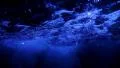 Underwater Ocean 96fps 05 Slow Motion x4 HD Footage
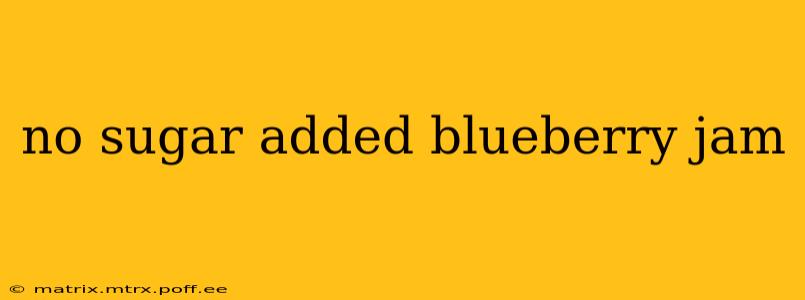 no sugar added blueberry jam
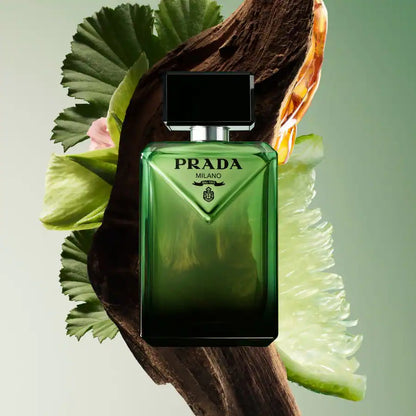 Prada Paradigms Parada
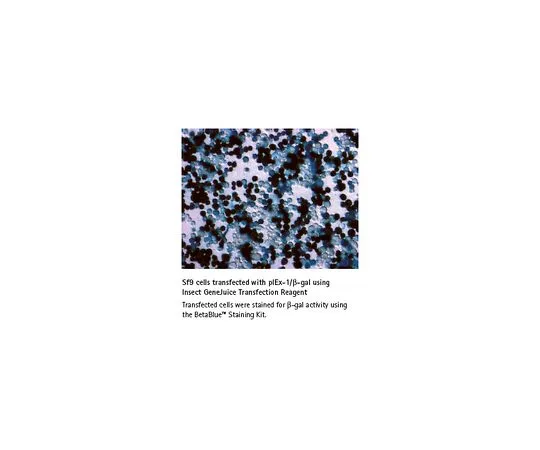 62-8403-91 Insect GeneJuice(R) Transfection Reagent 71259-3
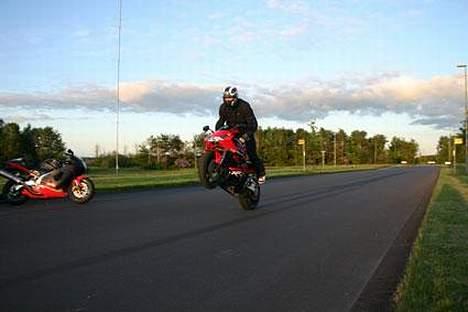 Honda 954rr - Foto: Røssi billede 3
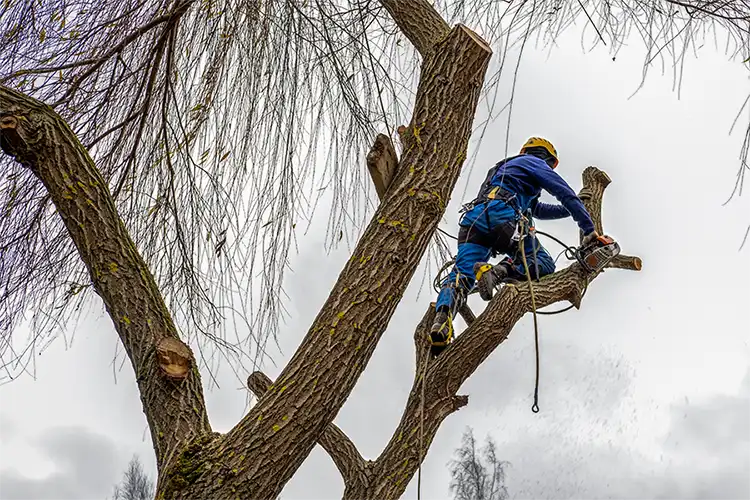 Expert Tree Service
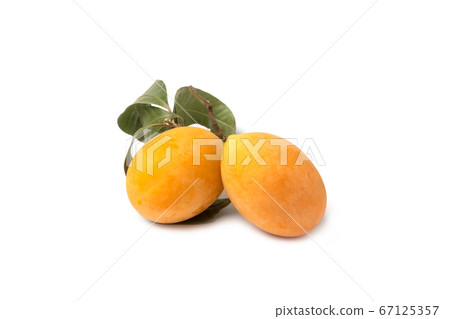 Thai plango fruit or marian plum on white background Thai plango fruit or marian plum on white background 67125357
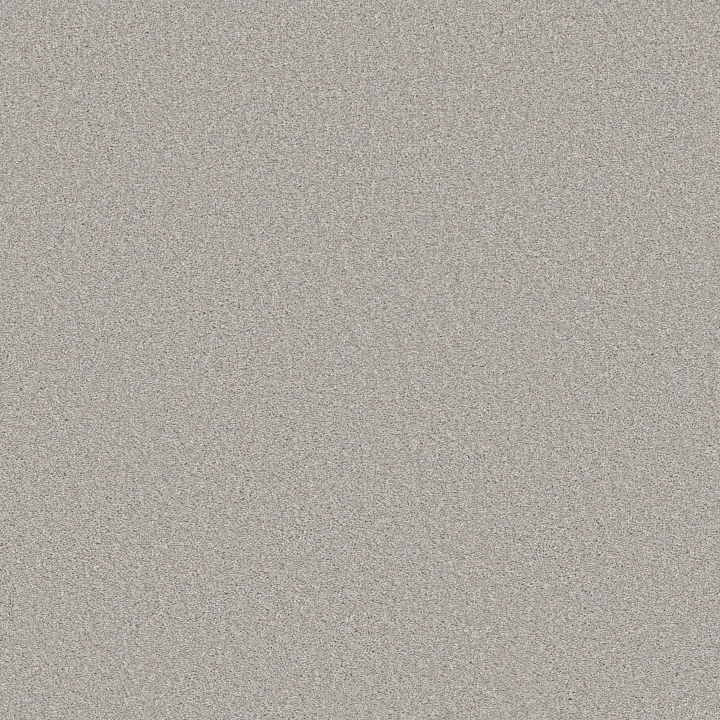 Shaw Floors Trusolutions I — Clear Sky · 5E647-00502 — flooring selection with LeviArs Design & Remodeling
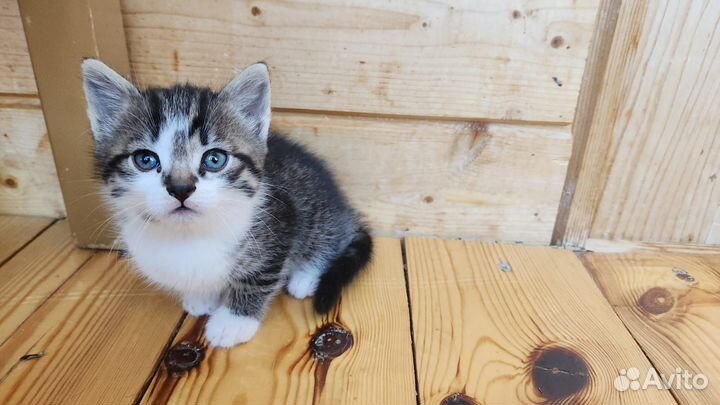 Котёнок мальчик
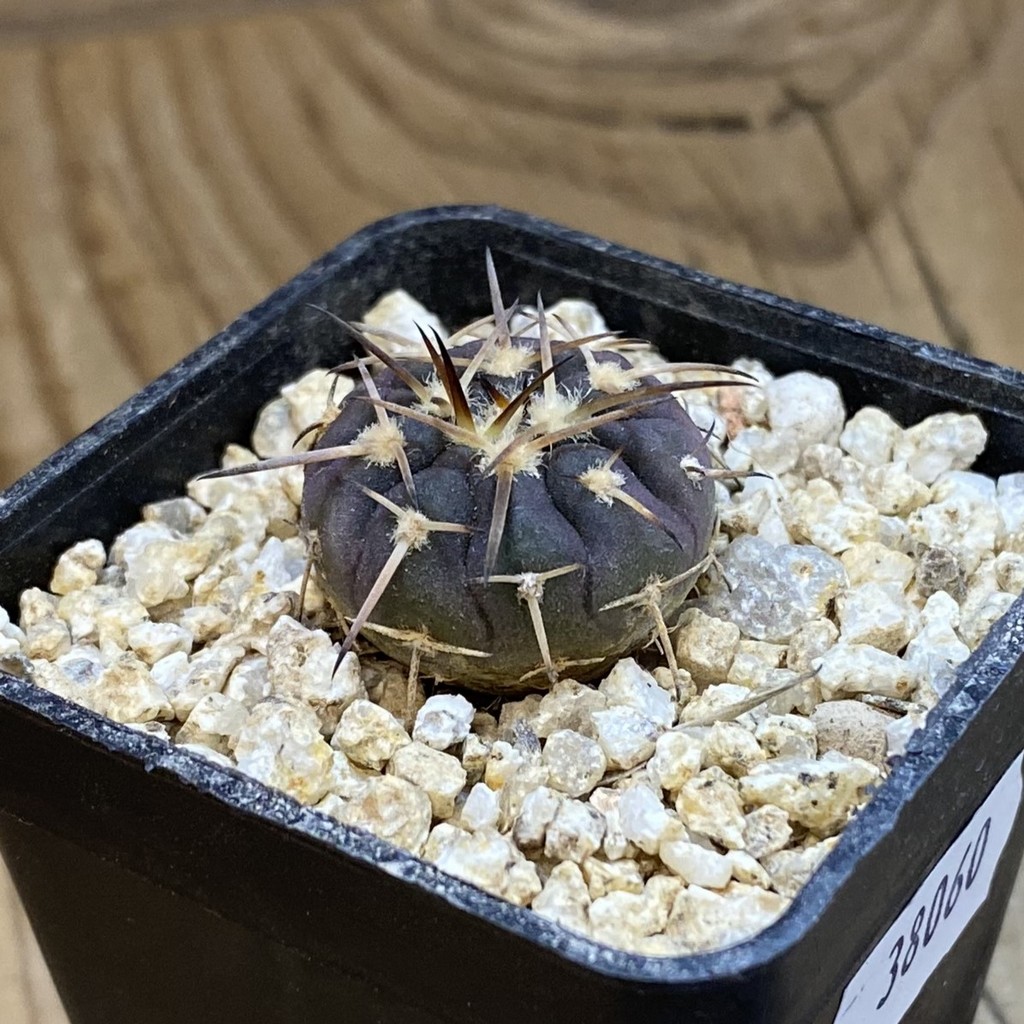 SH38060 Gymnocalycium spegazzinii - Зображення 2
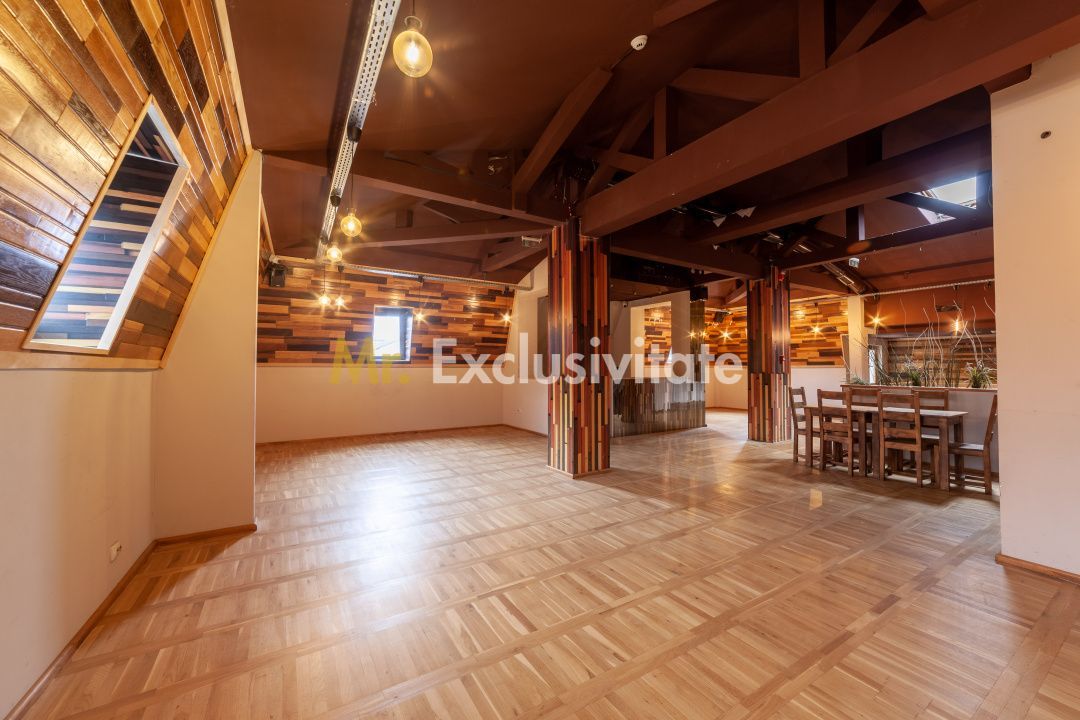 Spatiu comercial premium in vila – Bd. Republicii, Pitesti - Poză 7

::::::

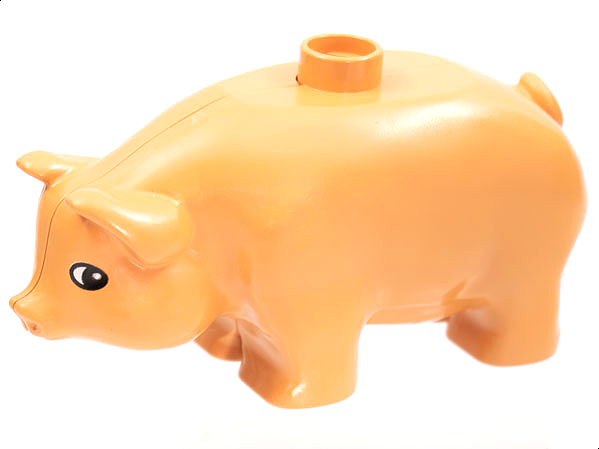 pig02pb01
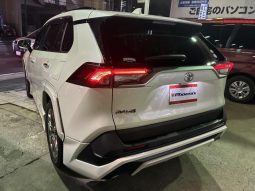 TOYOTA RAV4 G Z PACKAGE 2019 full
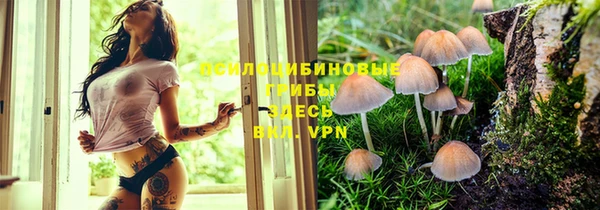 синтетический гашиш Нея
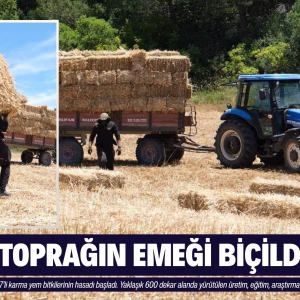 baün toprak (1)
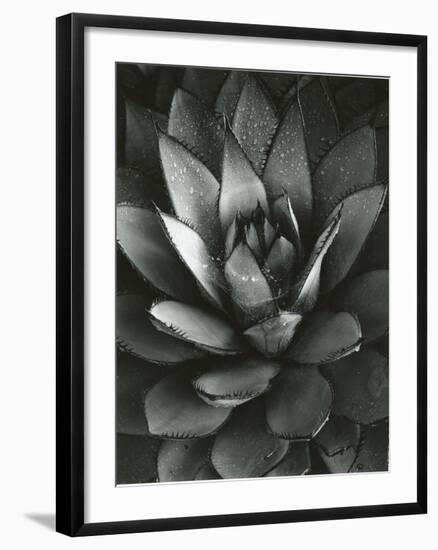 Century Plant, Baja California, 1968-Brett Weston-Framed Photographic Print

::::::

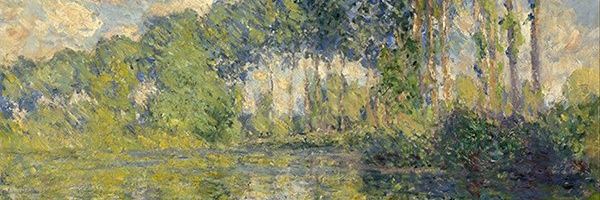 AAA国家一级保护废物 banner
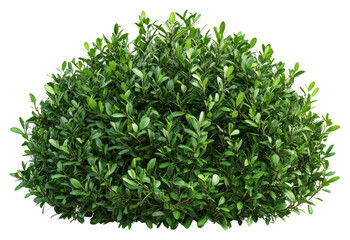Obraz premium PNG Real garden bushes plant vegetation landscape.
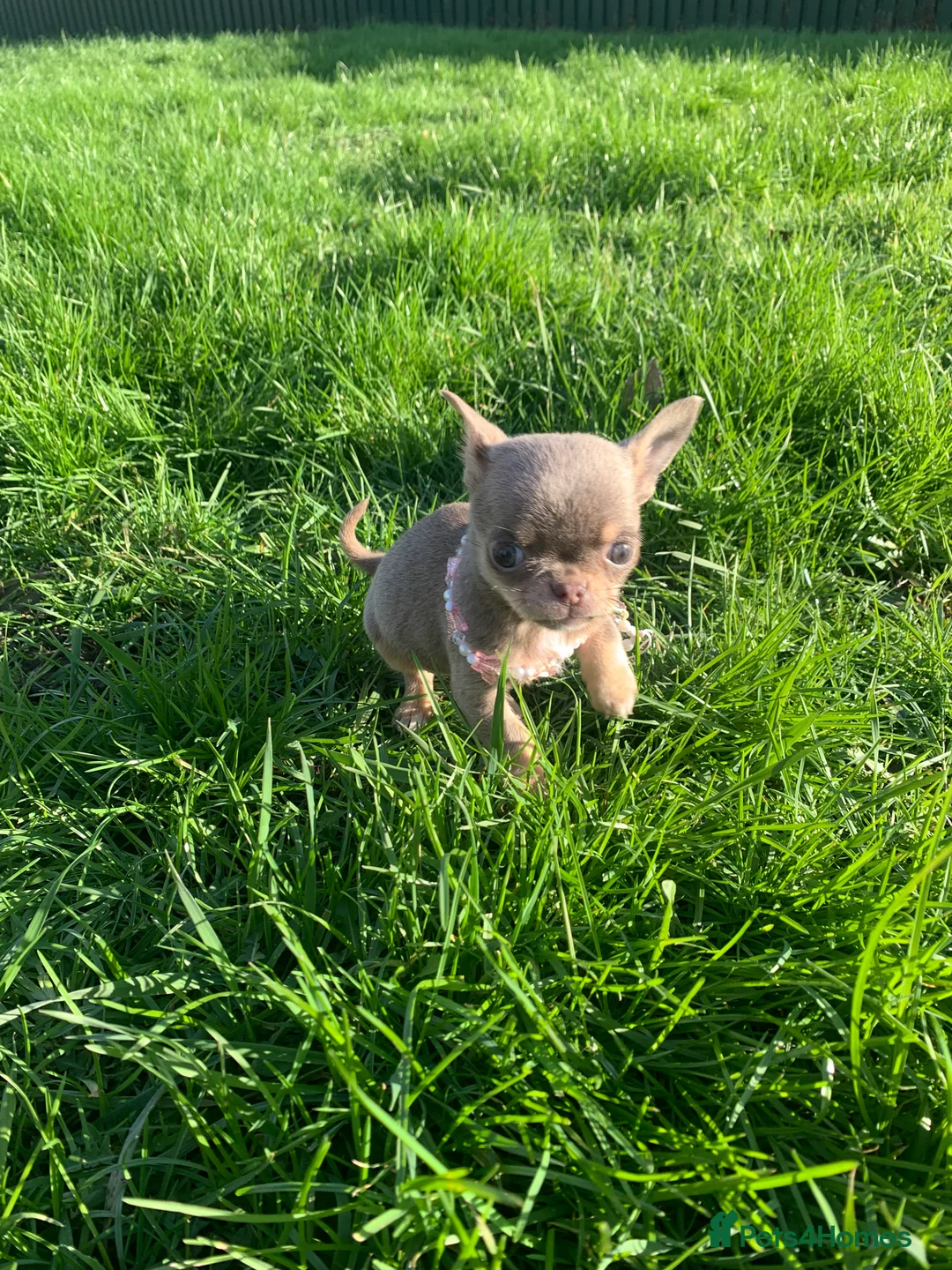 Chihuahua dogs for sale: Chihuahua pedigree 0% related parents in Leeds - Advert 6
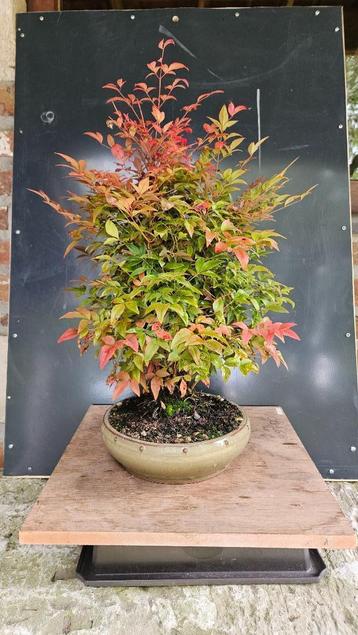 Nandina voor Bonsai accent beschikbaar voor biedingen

::::::

--- PROBLEM REQUIREMENTS ---
An exact copy is needed of the entries above, starting at the line that holds "baün toprak (1)" and stopping at the line that holds "Century Plant, Baja", both kept; pictures stay out.

--- COMPLETED TASK ---
 baün toprak (1)
 Century Plant, Baja California, 1968-Brett Weston-Framed Photographic Print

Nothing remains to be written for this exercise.